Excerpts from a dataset

◆ ◆ ◆ ◆ ◆

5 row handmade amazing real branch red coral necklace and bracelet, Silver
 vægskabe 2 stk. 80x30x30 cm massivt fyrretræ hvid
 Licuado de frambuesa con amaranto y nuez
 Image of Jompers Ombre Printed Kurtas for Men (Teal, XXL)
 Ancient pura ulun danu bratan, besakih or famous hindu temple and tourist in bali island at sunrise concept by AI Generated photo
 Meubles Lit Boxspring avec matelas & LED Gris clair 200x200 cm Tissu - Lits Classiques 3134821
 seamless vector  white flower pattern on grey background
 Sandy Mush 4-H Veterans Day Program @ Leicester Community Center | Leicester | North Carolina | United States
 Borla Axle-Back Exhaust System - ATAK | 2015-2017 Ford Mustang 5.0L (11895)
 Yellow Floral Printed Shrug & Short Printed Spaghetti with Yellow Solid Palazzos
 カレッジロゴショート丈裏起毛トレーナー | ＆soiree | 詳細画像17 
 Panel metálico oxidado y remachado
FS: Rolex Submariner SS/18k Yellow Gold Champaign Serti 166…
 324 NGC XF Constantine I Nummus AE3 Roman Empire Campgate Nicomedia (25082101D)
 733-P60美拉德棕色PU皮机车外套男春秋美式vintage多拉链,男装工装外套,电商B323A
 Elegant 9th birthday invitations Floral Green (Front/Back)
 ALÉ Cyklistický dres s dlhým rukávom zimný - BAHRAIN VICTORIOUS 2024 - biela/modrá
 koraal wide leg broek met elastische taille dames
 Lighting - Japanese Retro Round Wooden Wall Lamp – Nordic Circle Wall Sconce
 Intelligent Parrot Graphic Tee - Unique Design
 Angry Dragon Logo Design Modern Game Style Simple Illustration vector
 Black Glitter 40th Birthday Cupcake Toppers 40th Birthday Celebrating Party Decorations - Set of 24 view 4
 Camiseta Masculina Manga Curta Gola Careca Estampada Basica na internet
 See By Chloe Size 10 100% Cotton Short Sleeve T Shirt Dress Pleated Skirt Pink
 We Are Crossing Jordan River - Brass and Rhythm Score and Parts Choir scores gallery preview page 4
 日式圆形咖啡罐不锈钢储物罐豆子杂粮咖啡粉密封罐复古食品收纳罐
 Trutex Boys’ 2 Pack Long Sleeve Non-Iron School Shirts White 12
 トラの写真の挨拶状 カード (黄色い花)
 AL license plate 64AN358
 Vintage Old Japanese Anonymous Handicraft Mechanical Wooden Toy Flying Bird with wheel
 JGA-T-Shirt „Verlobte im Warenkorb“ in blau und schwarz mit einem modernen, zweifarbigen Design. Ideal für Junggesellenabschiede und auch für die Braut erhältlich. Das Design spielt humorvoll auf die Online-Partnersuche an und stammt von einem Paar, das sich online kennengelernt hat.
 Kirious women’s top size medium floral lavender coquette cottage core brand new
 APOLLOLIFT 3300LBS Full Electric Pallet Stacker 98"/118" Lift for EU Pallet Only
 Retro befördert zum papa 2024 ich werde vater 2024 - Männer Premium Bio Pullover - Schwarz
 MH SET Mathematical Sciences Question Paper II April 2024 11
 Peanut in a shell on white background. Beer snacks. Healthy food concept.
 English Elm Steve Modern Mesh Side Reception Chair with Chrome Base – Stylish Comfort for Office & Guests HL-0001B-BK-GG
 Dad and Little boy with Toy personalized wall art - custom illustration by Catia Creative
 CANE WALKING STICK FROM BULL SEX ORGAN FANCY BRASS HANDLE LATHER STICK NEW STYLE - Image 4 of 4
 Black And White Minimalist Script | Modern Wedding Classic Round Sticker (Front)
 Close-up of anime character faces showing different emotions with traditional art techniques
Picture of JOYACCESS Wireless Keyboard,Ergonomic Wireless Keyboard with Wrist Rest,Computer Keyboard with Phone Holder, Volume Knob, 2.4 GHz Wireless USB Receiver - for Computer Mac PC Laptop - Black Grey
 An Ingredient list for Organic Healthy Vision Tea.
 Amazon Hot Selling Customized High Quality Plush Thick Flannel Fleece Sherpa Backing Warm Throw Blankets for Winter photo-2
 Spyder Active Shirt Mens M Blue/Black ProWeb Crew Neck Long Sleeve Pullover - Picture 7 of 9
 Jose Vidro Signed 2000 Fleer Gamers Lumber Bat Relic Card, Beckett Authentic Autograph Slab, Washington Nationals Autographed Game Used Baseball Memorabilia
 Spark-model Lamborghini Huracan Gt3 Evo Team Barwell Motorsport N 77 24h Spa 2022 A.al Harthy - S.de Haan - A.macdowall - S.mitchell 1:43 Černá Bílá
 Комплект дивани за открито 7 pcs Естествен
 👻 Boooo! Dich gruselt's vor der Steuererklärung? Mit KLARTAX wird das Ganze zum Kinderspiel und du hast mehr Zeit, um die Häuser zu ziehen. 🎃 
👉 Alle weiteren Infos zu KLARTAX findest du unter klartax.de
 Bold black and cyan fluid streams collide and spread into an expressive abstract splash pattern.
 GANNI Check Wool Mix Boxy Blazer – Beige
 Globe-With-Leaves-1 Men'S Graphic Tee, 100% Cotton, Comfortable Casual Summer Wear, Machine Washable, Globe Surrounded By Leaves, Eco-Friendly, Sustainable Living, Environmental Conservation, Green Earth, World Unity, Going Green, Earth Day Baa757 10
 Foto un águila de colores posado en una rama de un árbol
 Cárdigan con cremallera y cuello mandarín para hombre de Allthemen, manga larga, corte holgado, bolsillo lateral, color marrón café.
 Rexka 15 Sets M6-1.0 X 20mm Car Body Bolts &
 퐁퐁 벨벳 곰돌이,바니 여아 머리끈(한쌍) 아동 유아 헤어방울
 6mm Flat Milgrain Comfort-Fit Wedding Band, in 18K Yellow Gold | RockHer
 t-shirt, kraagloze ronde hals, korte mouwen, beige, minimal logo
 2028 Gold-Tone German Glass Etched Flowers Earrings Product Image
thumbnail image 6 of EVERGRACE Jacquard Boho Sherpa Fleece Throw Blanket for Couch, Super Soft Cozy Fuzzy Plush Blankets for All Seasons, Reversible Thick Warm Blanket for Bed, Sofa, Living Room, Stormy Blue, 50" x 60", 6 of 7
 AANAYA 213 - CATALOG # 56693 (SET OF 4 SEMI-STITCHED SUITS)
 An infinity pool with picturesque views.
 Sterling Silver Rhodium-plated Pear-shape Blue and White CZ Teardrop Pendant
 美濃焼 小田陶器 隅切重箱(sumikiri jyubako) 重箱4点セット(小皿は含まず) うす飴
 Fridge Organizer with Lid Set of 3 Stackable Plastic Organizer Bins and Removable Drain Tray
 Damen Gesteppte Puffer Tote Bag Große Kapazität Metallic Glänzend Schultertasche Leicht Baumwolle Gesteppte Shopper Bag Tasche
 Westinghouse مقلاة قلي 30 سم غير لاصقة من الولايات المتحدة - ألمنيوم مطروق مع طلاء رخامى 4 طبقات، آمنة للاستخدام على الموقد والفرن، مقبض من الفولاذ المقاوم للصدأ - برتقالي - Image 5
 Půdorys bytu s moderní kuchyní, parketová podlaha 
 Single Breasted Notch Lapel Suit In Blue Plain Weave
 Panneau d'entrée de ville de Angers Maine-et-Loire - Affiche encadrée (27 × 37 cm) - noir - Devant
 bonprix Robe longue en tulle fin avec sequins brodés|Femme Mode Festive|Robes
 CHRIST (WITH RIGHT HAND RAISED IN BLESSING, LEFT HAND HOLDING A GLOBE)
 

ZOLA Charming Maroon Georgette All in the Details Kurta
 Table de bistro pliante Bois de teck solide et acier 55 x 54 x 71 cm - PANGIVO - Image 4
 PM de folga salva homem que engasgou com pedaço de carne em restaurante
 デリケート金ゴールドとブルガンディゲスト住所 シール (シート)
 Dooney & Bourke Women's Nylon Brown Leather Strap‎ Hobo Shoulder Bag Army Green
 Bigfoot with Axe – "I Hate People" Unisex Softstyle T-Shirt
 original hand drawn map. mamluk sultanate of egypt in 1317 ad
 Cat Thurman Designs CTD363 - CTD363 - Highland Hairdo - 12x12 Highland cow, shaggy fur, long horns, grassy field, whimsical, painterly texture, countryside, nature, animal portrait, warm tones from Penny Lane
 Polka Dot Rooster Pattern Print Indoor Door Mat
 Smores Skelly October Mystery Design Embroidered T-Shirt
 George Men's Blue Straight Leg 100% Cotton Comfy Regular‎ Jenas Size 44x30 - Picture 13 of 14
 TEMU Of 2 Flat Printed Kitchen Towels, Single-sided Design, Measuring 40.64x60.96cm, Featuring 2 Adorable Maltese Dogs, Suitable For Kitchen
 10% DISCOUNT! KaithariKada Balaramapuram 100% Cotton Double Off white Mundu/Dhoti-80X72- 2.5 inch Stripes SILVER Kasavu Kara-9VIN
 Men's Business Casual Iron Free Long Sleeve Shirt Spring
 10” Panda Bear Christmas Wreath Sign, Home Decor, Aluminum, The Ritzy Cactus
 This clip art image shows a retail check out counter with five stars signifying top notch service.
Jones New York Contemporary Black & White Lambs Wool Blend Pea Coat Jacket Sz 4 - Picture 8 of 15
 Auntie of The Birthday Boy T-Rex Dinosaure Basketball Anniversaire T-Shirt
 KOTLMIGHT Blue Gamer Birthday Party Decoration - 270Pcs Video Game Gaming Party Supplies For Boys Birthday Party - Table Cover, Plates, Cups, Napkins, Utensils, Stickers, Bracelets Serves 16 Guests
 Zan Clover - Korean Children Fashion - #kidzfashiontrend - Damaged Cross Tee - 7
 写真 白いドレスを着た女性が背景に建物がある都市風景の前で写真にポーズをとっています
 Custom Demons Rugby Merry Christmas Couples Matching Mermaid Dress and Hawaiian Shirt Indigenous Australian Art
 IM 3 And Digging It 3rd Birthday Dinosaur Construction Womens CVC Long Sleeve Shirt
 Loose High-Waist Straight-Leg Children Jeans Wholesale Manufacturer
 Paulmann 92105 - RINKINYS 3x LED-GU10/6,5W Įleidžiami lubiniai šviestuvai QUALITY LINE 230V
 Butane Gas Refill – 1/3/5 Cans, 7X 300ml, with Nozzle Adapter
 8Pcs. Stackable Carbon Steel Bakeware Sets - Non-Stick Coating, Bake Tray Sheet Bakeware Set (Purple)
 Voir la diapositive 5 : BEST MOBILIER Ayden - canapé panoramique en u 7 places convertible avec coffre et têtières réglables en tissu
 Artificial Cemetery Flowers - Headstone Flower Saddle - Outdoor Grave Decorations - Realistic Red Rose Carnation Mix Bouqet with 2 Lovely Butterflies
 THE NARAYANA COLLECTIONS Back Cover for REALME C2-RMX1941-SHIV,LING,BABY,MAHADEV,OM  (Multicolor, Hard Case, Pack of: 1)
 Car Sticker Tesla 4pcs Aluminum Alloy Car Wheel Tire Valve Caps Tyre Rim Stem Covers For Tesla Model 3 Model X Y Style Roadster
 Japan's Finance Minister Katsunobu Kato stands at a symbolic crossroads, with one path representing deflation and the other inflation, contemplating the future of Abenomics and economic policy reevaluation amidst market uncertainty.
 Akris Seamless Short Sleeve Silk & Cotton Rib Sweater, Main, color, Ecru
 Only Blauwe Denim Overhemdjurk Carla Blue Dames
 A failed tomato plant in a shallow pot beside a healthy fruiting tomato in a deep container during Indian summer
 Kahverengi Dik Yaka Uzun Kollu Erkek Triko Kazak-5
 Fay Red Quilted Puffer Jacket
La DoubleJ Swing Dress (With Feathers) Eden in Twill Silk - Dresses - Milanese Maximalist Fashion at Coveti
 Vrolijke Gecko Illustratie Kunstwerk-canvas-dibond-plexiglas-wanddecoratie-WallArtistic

◆ ◆ ◆ ◆ ◆

PROMPT — Reproduce exactly, please, only the lines from the start of the data above to the line that contains "Sandy Mush 4-H", with both ends kept.

EXPECTED OUTPUT —
5 row handmade amazing real branch red coral necklace and bracelet, Silver
 vægskabe 2 stk. 80x30x30 cm massivt fyrretræ hvid
 Licuado de frambuesa con amaranto y nuez
 Image of Jompers Ombre Printed Kurtas for Men (Teal, XXL)
 Ancient pura ulun danu bratan, besakih or famous hindu temple and tourist in bali island at sunrise concept by AI Generated photo
 Meubles Lit Boxspring avec matelas & LED Gris clair 200x200 cm Tissu - Lits Classiques 3134821
 seamless vector  white flower pattern on grey background
 Sandy Mush 4-H Veterans Day Program @ Leicester Community Center | Leicester | North Carolina | United States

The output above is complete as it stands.